[Opening Data records section]

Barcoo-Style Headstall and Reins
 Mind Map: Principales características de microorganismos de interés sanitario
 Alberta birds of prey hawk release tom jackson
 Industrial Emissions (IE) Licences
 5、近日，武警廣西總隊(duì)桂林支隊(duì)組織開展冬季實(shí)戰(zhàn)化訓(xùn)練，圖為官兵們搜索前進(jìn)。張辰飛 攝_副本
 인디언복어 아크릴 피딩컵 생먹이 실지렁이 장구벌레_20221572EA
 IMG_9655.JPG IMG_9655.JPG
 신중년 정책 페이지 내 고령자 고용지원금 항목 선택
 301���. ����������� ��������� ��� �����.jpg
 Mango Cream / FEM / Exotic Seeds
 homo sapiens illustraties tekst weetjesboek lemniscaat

[Closing Data records section]

Aim of the exercise:
Give back, word for word, only the lines from the one containing "Mind Map: Principales" through the closing line of the entries.

Written response:
 Mind Map: Principales características de microorganismos de interés sanitario
 Alberta birds of prey hawk release tom jackson
 Industrial Emissions (IE) Licences
 5、近日，武警廣西總隊(duì)桂林支隊(duì)組織開展冬季實(shí)戰(zhàn)化訓(xùn)練，圖為官兵們搜索前進(jìn)。張辰飛 攝_副本
 인디언복어 아크릴 피딩컵 생먹이 실지렁이 장구벌레_20221572EA
 IMG_9655.JPG IMG_9655.JPG
 신중년 정책 페이지 내 고령자 고용지원금 항목 선택
 301���. ����������� ��������� ��� �����.jpg
 Mango Cream / FEM / Exotic Seeds
 homo sapiens illustraties tekst weetjesboek lemniscaat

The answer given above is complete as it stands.